Exercise => All lines from the one that has "в карпатах Шале *" onward to the end of the records below are to be returned exactly; pictures are to be skipped.

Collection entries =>
--- START ---
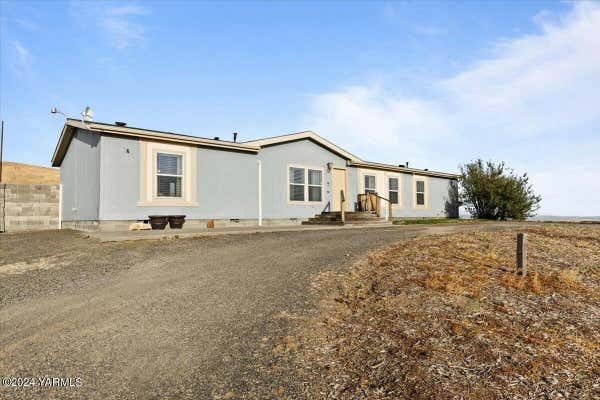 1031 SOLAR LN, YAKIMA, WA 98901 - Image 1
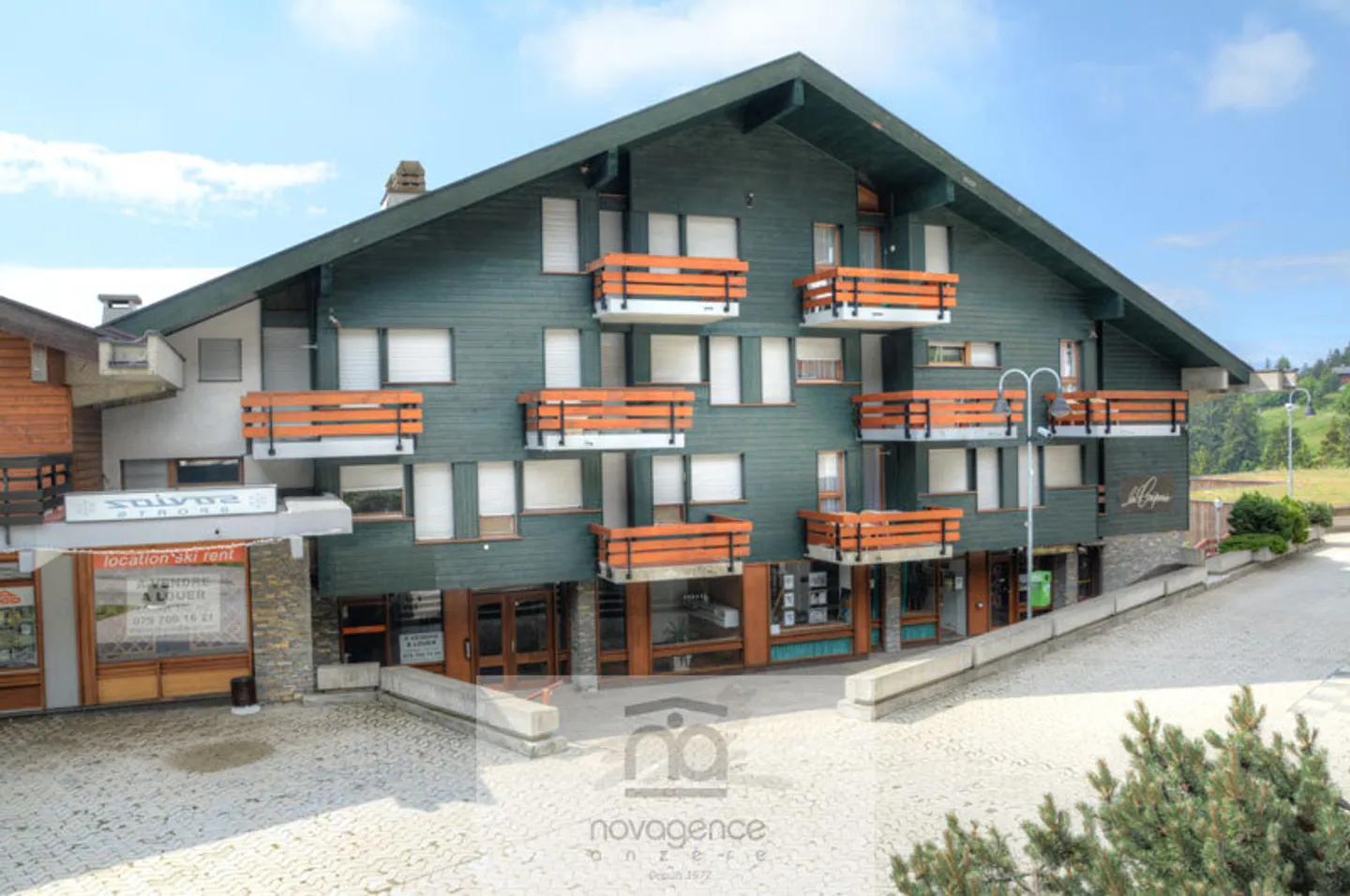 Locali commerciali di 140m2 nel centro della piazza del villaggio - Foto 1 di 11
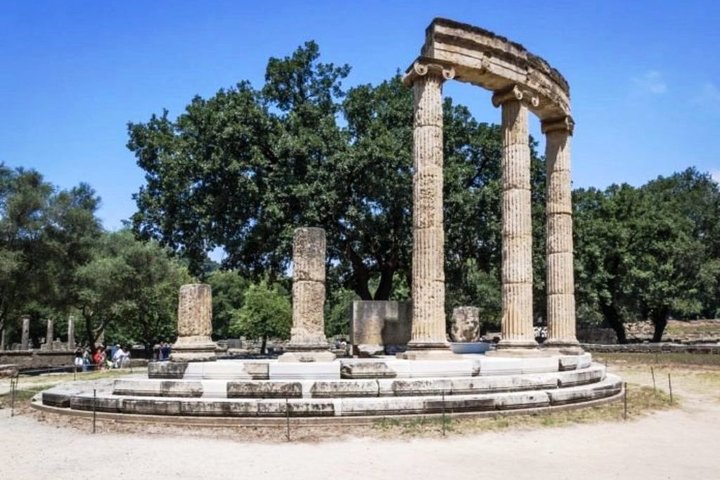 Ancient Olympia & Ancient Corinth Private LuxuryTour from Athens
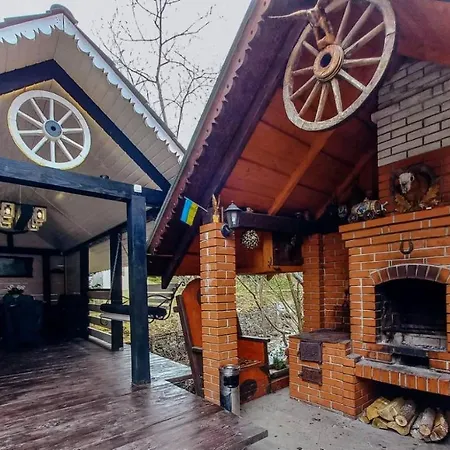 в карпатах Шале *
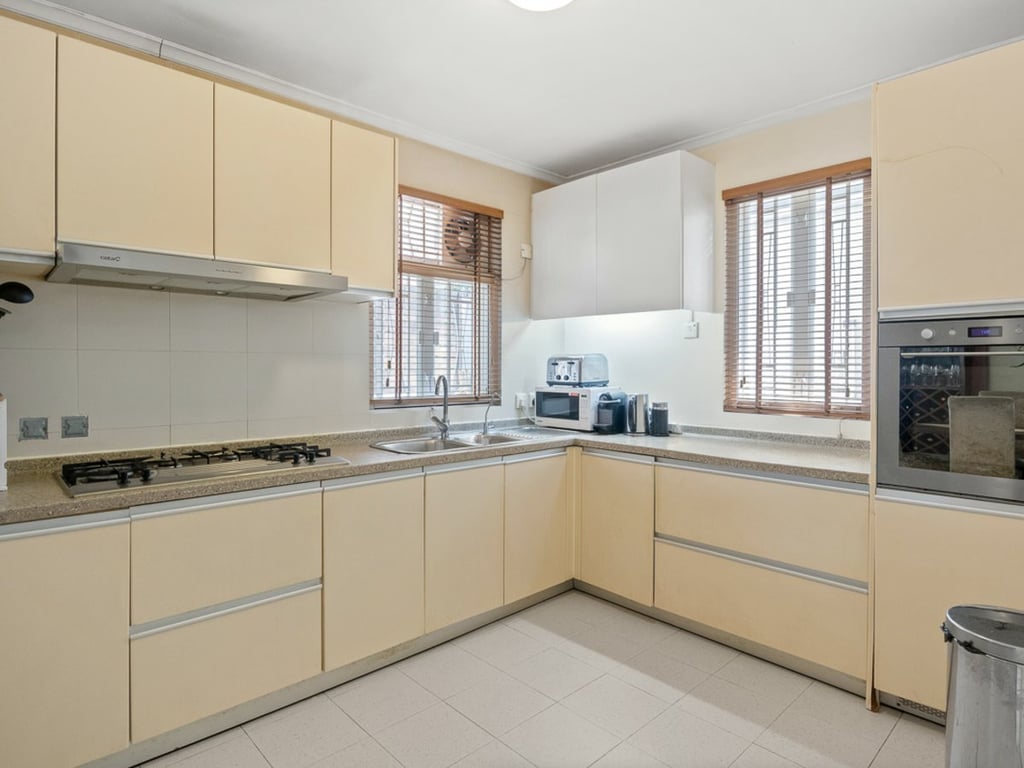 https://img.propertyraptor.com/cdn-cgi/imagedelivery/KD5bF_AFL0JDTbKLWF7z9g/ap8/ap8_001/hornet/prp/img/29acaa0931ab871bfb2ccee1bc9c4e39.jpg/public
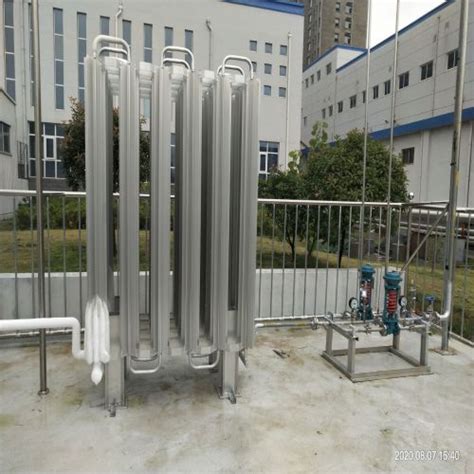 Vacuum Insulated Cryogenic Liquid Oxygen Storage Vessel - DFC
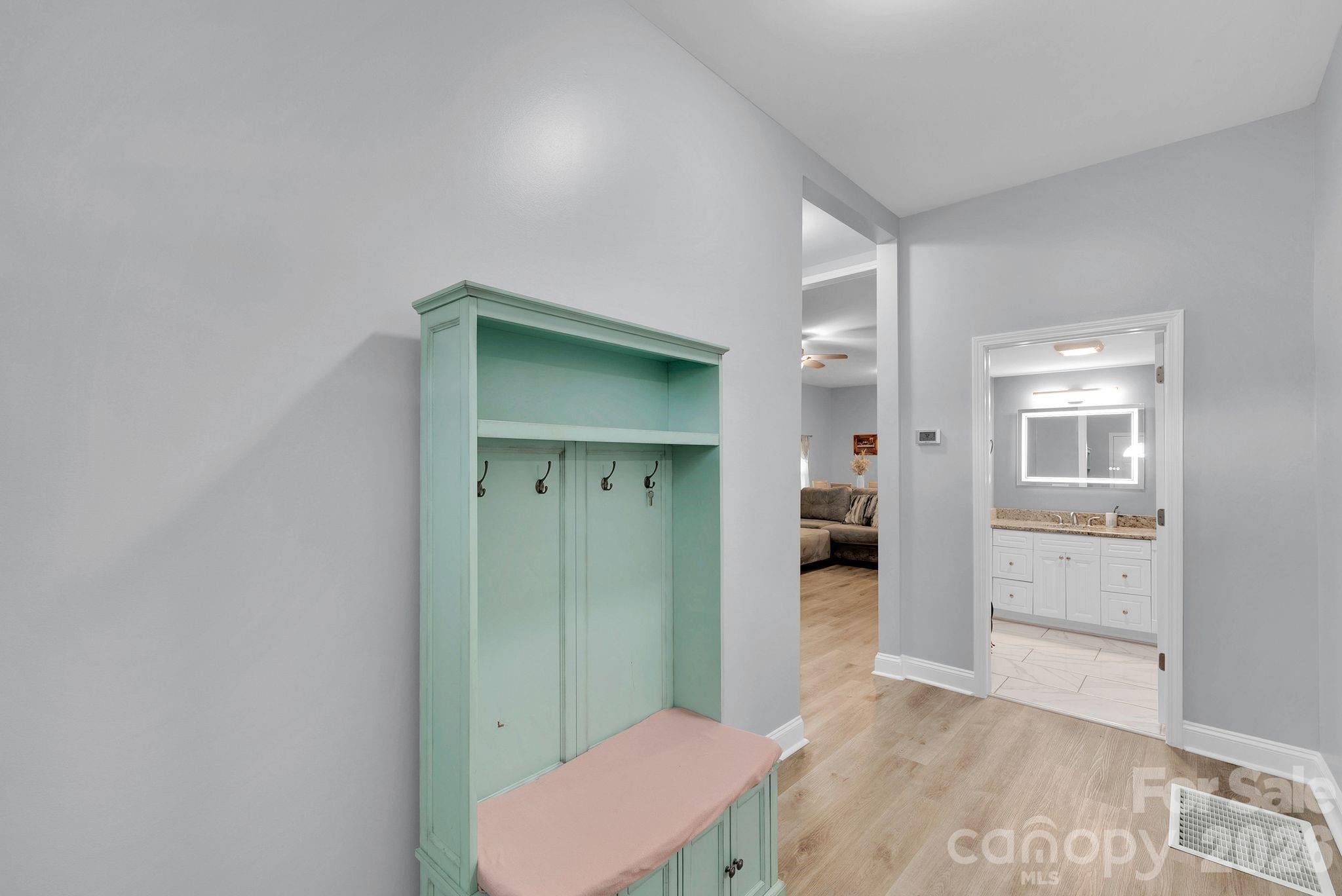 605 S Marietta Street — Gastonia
--- END ---
Output below =>
 в карпатах Шале *
 https://img.propertyraptor.com/cdn-cgi/imagedelivery/KD5bF_AFL0JDTbKLWF7z9g/ap8/ap8_001/hornet/prp/img/29acaa0931ab871bfb2ccee1bc9c4e39.jpg/public
 Vacuum Insulated Cryogenic Liquid Oxygen Storage Vessel - DFC
 605 S Marietta Street — Gastonia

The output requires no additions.